[INSTRUCTIONS TO FOLLOW] Every line below from the one with "a gym with treadmills" through the one with "Homemade rhubarb sauce" is to be repeated exactly, with no picture among them.
:::::
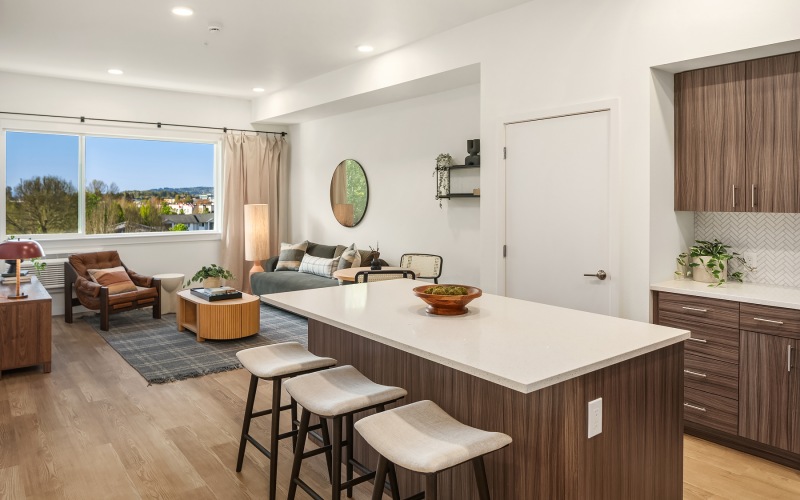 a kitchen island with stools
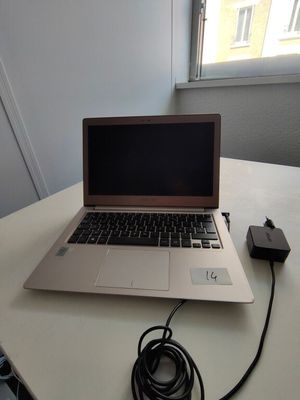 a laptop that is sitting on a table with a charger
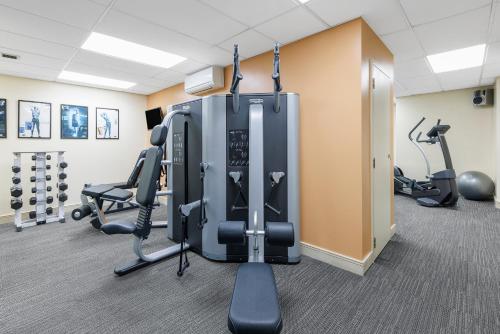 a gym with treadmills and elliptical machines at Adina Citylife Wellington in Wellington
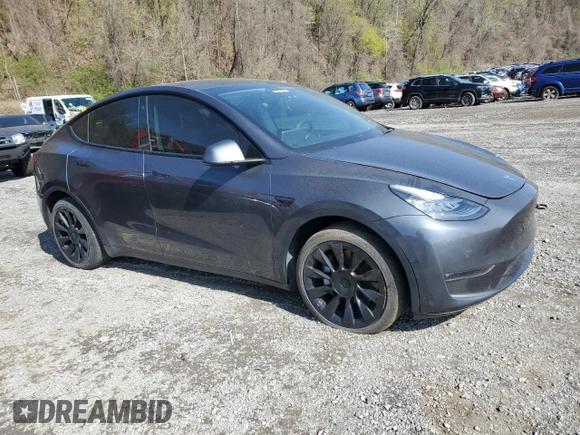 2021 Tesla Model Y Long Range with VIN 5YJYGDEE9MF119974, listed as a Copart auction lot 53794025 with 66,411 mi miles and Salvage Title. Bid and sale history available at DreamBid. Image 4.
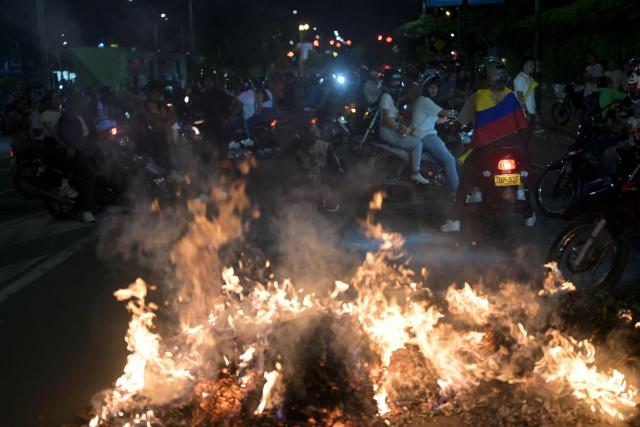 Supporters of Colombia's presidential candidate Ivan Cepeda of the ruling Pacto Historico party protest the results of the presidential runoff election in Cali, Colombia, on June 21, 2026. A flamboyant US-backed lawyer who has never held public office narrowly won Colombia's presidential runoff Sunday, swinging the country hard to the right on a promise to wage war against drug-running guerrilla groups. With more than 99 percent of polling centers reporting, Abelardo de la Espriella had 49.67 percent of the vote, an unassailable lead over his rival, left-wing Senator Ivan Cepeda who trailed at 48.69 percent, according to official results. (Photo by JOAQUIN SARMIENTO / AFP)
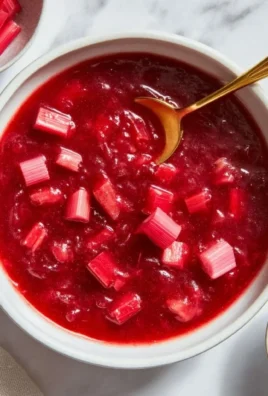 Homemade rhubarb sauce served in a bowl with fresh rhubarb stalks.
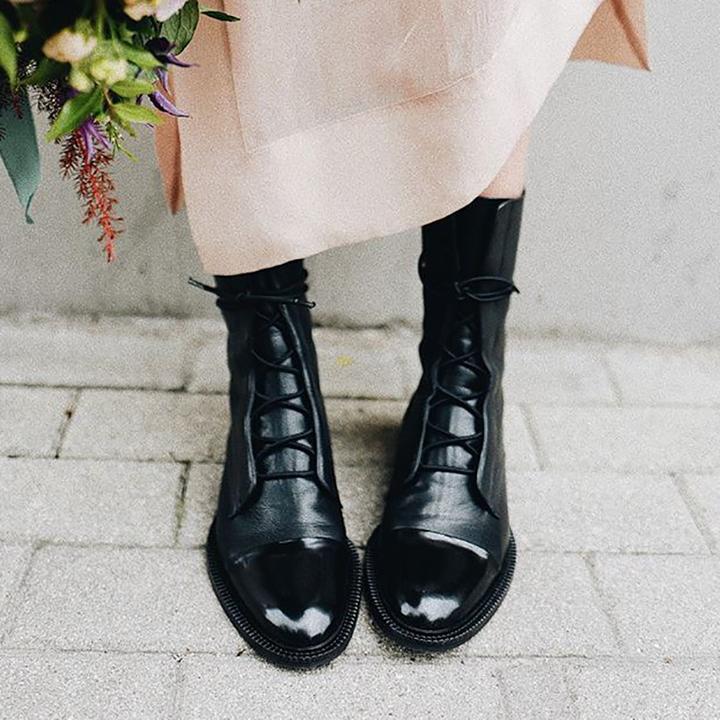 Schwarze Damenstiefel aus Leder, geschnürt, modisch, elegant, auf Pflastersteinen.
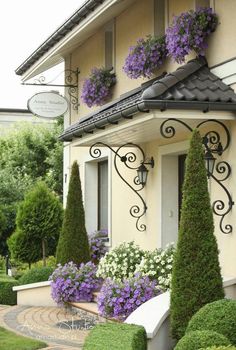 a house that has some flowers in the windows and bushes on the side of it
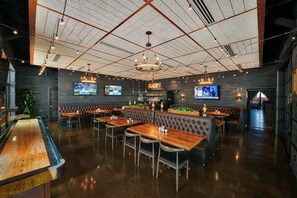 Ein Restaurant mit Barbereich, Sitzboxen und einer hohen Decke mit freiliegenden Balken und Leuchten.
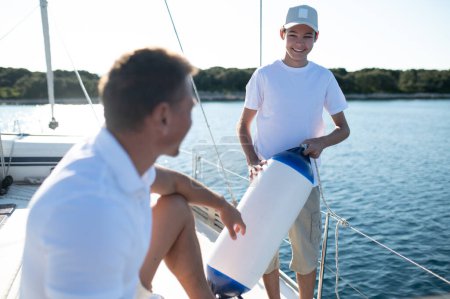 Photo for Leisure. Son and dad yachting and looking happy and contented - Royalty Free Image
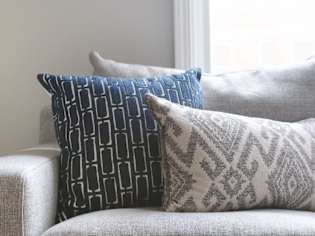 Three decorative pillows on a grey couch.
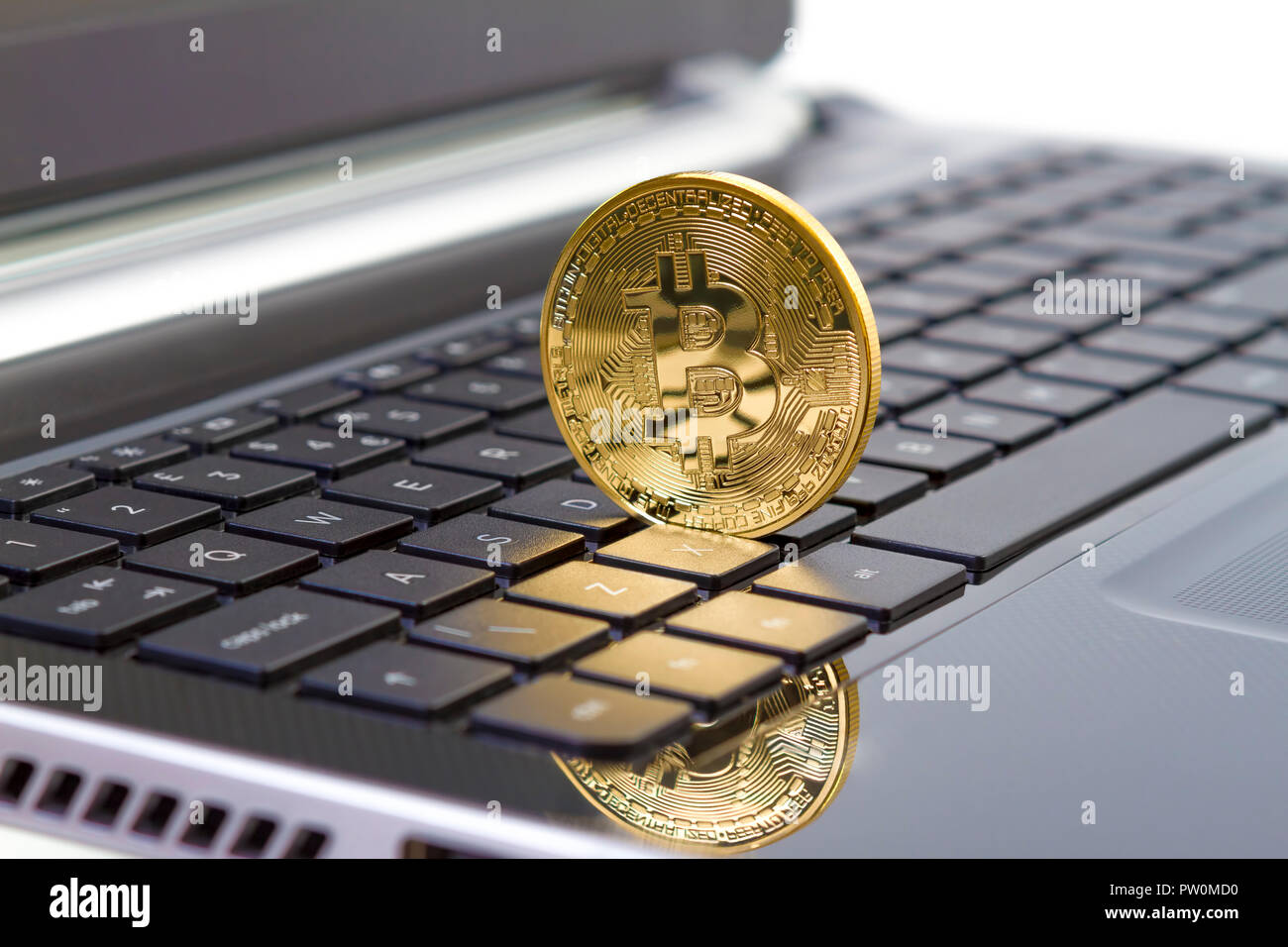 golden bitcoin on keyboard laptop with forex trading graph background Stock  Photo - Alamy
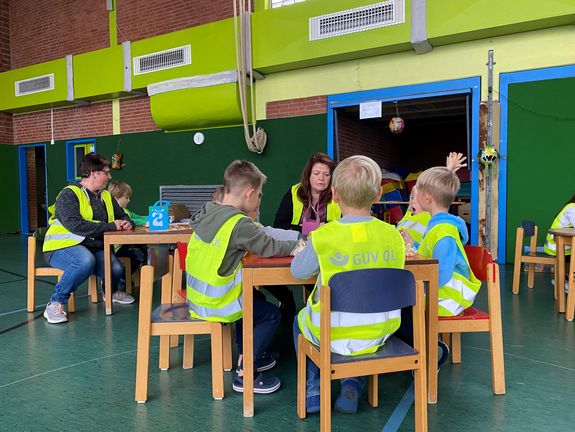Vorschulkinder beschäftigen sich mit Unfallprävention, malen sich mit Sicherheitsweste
:::::
[EXERCISE RESULT]
 a gym with treadmills and elliptical machines at Adina Citylife Wellington in Wellington
 2021 Tesla Model Y Long Range with VIN 5YJYGDEE9MF119974, listed as a Copart auction lot 53794025 with 66,411 mi miles and Salvage Title. Bid and sale history available at DreamBid. Image 4.
 Supporters of Colombia's presidential candidate Ivan Cepeda of the ruling Pacto Historico party protest the results of the presidential runoff election in Cali, Colombia, on June 21, 2026. A flamboyant US-backed lawyer who has never held public office narrowly won Colombia's presidential runoff Sunday, swinging the country hard to the right on a promise to wage war against drug-running guerrilla groups. With more than 99 percent of polling centers reporting, Abelardo de la Espriella had 49.67 percent of the vote, an unassailable lead over his rival, left-wing Senator Ivan Cepeda who trailed at 48.69 percent, according to official results. (Photo by JOAQUIN SARMIENTO / AFP)
 Homemade rhubarb sauce served in a bowl with fresh rhubarb stalks.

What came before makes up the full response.